The backend must be set on the config before calling from_pretrained:
from transformers import AutoConfig, AutoModelForMaskedLM
config = AutoConfig.from_pretrained("Synthyra/ESM2-150M", trust_remote_code=True)
config.attn_backend = "flex"
model = AutoModelForMaskedLM.from_pretrained(
"Synthyra/ESM2-150M", config=config, trust_remote_code=True
)DPLM and DPLM2 expose a mutable property that propagates to all attention layers:
model = AutoModelForMaskedLM.from_pretrained("Synthyra/DPLM-150M", trust_remote_code=True)

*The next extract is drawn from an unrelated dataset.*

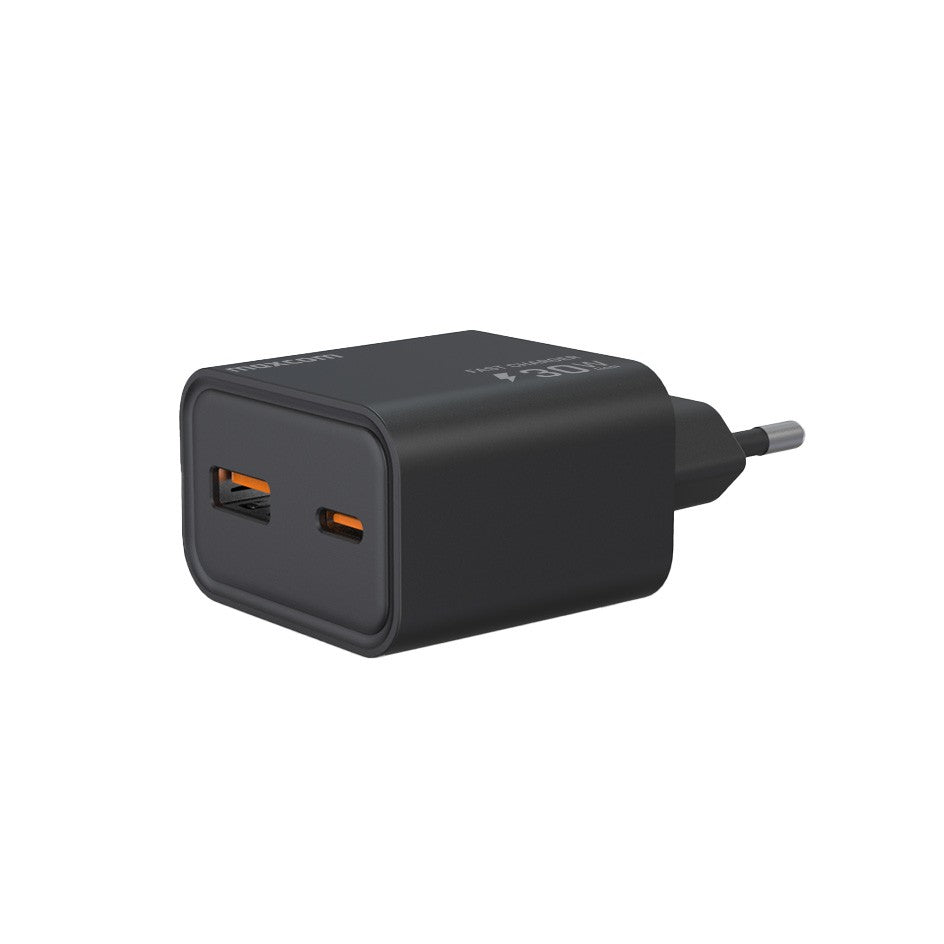 Încărcător de perete USB A+C 30W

model.attn_backend = "flex" # Updates every attention layer in-placeEach model has a resolve_attention_backend() function that:
- Validates the requested backend string
- For
"auto", probes available backends in order: kernels_flash -> flex -> sdpa - Prints the resolved backend once (globally, to avoid log spam)
- Returns an
AttentionBackendenum value
The resolved enum is stored on each attention layer as self.attn_backend and on the encoder as self.attention_backend.
Different backends require different mask formats. The get_attention_mask() function (or equivalent) in each model produces:
| Backend | Mask Format | Shape |
|---|---|---|
| SDPA | Float 4D mask (-inf for masked) |
(batch, 1, 1, seq_len) |
| Flash | Boolean 2D mask + cumulative seq lengths | (batch, seq_len) |
| Flex | BlockMask via create_block_mask |
Opaque block mask object |
- SDPA: Works well with
torch.compileout of the box - Flex: Best performance when the entire model is compiled; the Triton kernel generation integrates with the compiler
- Flash:
torch.compilewraps the kernels call; dynamic warmup detects when compilation has stabilized
The throughput benchmark (testing/throughput.py) applies torch.compile to all backends and uses dynamic warmup stabilization to ensure measurements reflect compiled performance.
When output_s_max=True is passed (ESM2, E1), each attention layer computes the per-head maximum attention score bound: max(||Q|| * ||K||) per head. This is useful for numerical stability analysis and debugging but adds overhead and should not be enabled during production inference.